Common denominators of democracy:

a way of determining who participates in making decisions

a way of enforcing decisions

a space of legitimate decision-making

and the resources that sustain it

Who qualifies as demos? Some have argued that etymologically, demosnever meant all people, but only particular social classes. Even as its partisans have trumpeted its supposed inclusivity, in practice democracy has always demanded a way of distinguishing between included and excluded. That could be status in the legislature, voting rights, citizenship, membership, race, gender, age, or participation in street assemblies; but in every form of democracy, for there to be legitimate decisions, there have to be formal conditions of legitimacy, and a defined group of people who meet them.

In this regard, democracy institutionalizes the provincial, chauvinist character of its Greek origins, at the same time as it seemingly offers a model that could involve all the world. This is why democracy has proven so compatible with nationalism and the state; it presupposes the Other, who is not accorded the same rights or political agency.

The focus on inclusion and exclusion is clear enough at the dawn of modern democracy in Rousseau’s influential Of the Social Contract, in which he emphasizes that there is no contradiction between democracy and slavery. The more “evildoers” are in chains, he suggests, the more perfect the freedom of the citizens. Freedom for the wolf is death for the lamb, as Isaiah Berlin later put it. The zero-sum conception of freedom expressed in this metaphor is the foundation of the discourse of rights granted and protected by the state. In other words: for citizens to be free, the state must possess ultimate authority and the capacity to exercise total control. The state seeks to produce sheep, reserving the position of wolf for itself.
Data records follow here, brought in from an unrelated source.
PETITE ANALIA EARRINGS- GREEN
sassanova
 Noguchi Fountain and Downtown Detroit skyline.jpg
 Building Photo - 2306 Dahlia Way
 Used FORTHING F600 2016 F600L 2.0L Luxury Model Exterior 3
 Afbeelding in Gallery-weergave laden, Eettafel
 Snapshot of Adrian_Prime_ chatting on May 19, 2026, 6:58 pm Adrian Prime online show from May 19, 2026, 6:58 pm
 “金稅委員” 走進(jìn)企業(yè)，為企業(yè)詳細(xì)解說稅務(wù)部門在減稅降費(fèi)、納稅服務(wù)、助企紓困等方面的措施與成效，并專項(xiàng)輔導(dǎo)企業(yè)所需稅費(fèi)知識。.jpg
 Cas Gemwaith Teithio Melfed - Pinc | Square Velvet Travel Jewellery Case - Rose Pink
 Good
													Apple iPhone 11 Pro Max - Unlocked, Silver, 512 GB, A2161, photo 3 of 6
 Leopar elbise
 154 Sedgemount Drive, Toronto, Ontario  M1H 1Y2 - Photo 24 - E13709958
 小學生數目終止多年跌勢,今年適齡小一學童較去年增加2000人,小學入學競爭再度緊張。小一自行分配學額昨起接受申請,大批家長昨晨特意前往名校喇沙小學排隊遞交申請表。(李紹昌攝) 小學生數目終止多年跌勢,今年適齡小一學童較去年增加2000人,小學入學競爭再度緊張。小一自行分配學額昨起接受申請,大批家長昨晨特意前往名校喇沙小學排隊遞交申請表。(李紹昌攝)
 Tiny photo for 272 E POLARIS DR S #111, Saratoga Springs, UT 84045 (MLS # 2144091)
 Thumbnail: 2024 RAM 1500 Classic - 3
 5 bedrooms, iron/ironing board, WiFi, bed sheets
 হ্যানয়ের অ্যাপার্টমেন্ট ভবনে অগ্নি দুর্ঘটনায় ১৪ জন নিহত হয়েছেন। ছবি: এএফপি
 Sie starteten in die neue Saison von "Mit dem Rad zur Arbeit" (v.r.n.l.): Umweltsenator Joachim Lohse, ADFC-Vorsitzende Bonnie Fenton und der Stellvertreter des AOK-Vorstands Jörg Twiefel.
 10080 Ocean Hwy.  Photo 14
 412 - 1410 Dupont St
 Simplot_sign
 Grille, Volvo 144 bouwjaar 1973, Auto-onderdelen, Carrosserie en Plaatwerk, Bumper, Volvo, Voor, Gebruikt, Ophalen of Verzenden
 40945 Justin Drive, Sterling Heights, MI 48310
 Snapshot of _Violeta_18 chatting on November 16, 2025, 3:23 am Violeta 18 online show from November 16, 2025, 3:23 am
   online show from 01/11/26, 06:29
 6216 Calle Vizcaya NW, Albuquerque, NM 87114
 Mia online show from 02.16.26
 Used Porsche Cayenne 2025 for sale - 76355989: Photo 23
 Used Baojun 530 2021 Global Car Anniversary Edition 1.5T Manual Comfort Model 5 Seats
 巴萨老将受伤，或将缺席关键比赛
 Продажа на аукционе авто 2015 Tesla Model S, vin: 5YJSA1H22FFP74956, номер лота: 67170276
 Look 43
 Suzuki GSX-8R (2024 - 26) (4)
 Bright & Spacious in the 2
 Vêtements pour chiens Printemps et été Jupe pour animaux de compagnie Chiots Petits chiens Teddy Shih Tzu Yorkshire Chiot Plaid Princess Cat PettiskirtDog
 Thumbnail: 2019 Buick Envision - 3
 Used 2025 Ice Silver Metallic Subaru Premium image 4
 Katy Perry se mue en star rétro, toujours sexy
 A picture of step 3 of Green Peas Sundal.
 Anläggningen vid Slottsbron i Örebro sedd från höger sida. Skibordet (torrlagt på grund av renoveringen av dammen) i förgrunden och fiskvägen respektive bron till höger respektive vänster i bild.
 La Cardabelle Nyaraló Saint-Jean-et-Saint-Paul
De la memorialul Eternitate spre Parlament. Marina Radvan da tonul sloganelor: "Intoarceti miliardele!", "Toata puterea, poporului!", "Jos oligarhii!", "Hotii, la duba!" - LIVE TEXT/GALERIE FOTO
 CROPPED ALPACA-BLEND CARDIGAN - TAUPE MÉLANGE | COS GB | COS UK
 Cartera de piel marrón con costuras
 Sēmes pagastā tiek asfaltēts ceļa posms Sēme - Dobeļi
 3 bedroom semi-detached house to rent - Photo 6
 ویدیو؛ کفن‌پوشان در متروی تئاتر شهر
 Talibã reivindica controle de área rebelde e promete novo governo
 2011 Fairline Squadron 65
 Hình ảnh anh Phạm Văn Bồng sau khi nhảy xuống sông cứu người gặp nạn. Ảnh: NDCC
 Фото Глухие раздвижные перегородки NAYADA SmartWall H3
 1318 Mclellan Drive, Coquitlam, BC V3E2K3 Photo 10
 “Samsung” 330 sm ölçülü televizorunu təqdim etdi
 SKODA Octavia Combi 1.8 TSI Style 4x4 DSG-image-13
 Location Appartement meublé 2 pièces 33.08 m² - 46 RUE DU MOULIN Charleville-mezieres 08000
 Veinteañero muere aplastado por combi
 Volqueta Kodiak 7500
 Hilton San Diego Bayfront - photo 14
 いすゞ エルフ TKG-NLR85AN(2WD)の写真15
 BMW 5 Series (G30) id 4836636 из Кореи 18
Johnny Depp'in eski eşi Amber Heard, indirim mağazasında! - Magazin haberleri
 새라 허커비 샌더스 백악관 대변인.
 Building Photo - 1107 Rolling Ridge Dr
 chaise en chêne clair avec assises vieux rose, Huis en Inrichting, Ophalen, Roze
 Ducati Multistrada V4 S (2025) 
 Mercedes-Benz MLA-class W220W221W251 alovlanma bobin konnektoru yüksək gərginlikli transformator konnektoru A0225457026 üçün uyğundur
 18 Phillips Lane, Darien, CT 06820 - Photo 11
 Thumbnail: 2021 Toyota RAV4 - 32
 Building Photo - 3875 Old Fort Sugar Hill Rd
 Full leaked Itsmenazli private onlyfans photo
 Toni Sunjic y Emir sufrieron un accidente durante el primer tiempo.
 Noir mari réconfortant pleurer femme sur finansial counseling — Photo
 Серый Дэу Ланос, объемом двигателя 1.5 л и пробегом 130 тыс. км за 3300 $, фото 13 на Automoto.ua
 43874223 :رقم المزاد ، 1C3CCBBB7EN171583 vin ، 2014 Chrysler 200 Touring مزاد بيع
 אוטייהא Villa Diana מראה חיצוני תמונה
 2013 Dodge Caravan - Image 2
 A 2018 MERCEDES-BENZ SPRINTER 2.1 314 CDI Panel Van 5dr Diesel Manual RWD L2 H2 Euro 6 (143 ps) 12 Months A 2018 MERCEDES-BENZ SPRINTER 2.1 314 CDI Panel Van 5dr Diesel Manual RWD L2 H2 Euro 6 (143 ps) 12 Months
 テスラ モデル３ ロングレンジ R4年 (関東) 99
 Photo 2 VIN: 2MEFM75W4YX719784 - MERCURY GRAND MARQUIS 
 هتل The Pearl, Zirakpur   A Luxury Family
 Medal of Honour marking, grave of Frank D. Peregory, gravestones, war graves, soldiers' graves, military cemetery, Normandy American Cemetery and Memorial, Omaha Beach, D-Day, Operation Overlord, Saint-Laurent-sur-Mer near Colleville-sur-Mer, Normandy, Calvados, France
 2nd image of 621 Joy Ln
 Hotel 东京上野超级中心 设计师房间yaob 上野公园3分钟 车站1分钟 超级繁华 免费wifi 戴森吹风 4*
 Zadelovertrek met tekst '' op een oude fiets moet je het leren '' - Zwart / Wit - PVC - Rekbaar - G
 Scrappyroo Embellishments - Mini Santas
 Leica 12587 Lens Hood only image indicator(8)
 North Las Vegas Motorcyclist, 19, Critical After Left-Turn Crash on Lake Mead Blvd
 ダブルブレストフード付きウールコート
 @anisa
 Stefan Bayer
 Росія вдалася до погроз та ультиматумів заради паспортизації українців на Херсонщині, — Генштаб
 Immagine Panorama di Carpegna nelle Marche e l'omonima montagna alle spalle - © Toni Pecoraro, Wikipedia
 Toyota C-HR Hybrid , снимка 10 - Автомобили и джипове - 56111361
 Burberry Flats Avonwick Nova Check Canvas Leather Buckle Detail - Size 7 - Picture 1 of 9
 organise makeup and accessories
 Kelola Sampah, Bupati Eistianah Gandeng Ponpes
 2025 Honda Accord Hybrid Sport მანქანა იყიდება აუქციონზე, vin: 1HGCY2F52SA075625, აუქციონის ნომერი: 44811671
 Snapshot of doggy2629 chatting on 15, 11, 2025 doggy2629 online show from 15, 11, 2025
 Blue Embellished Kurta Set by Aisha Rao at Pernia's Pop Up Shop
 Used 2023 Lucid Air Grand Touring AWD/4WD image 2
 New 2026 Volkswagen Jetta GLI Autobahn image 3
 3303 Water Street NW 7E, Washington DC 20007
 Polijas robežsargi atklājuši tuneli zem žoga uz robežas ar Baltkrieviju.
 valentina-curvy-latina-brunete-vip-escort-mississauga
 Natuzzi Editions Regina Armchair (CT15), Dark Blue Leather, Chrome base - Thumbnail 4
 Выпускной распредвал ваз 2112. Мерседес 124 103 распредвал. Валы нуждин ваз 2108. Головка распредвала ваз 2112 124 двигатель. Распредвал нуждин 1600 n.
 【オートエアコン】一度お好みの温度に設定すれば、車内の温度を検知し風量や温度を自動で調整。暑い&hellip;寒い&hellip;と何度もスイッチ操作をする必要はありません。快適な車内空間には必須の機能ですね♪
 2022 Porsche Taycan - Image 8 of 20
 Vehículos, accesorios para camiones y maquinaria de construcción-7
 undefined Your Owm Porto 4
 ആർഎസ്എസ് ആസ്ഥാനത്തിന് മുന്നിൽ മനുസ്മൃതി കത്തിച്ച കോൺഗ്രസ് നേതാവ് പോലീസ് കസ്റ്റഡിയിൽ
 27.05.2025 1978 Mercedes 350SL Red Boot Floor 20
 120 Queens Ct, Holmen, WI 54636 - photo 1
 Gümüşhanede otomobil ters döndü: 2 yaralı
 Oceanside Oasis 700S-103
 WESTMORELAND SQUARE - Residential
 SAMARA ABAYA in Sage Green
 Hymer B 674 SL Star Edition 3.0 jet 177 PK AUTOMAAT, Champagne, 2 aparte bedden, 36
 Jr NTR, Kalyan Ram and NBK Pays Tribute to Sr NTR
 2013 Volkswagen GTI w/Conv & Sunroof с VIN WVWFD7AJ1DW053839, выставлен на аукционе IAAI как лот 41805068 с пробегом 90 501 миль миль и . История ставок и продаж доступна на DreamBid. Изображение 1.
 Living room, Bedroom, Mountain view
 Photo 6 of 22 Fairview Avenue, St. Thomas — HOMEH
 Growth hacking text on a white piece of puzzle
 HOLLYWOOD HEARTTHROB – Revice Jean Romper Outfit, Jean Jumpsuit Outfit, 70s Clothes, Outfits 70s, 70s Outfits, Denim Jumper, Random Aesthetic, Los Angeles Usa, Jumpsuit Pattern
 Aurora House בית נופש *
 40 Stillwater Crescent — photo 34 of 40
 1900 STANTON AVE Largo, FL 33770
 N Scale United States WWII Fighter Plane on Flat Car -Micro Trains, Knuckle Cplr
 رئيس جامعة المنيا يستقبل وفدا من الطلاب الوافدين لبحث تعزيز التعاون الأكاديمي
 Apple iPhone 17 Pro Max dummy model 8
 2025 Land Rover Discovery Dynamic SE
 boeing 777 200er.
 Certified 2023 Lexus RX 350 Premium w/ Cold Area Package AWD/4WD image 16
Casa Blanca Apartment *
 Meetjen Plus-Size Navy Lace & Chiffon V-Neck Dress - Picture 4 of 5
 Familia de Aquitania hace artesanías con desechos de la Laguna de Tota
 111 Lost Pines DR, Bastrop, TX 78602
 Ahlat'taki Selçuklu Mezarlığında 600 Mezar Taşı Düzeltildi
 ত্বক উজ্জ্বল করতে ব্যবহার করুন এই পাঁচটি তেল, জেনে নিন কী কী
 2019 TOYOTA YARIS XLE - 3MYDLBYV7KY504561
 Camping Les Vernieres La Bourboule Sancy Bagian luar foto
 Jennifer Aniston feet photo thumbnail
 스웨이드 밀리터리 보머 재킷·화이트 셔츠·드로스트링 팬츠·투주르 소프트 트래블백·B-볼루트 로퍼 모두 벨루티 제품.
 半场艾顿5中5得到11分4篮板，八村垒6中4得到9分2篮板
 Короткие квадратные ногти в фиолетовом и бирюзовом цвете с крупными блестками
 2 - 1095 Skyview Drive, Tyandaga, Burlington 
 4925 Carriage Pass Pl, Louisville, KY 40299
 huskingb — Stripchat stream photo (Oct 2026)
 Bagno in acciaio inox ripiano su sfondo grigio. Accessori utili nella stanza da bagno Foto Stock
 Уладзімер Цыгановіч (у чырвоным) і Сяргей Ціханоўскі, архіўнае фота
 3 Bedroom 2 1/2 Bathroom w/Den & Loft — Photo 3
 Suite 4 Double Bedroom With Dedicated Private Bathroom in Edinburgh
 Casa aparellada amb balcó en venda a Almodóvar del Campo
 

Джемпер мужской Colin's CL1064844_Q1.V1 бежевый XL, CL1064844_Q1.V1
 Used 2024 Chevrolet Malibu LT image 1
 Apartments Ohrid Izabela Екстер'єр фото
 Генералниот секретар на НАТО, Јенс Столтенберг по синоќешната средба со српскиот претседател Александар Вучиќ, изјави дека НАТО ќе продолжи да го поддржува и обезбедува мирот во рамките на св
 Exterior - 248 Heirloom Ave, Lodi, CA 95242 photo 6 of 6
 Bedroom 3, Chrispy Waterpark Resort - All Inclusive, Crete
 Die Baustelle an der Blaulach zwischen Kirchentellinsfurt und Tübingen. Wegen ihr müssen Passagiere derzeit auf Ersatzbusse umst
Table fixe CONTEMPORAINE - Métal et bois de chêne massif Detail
By contrast, if we understand freedom as cumulative, the freedom of one person becomes the freedom of all: it is not simply a question of being protected by the authorities, but of intersecting with each other in a way that maximizes the possibilities for everyone. In this framework, the more that coercive force is centralized, the less freedom there can be. This way of conceiving freedom is social rather than individualistic: it approaches liberty as a collectively produced relationship to our potential, not a static bubble of private rights.11. “I am truly free only when all human beings, men and women, are equally free. The freedom of others, far from negating or limiting my freedom, is, on the contrary, its necessary premise and confirmation.” –Mikhail Bakunin

Let’s turn to the other root, kratos. Democracy shares this suffix with aristocracy, autocracy, bureaucracy, plutocracy, and technocracy. Each of these terms describes government by some subset of society, but they all share a common logic. That common thread is kratos, power. 

What kind of power? Let’s consult the ancient Greeks once more.

In classical Greece, every abstract concept was personified by a divine being. Kratos was an implacable Titan embodying the kind of coercive force associated with state power. One of the oldest sources in which Kratos appears is the play Prometheus Bound, composed by Aeschylus in the early days of Athenian democracy. The play opens with Kratos forcibly escorting the shackled Prometheus, who is being punished for stealing fire from the gods to give to humanity. Kratos appears as a jailer unthinkingly carrying out Zeus’s orders—a brute “made for any tyrant’s acts.”

The sort of force personified by Kratos is what democracy has in common with autocracy and every other form of rule. They share the institutions of coercion: the legal apparatus, the police, and the military, all of which preceded democracy and have repeatedly outlived it. These are the tools “made for any tyrant’s acts,” whether the tyrant at the helm is a king, a class of bureaucrats, or “the people” themselves. “Democracy means simply the bludgeoning of the people by the people for the people,” as Oscar Wilde put it. Mu’ammer al Gaddafi echoed this approvingly a century later, without irony: “Democracy is the supervision of the people by the people.”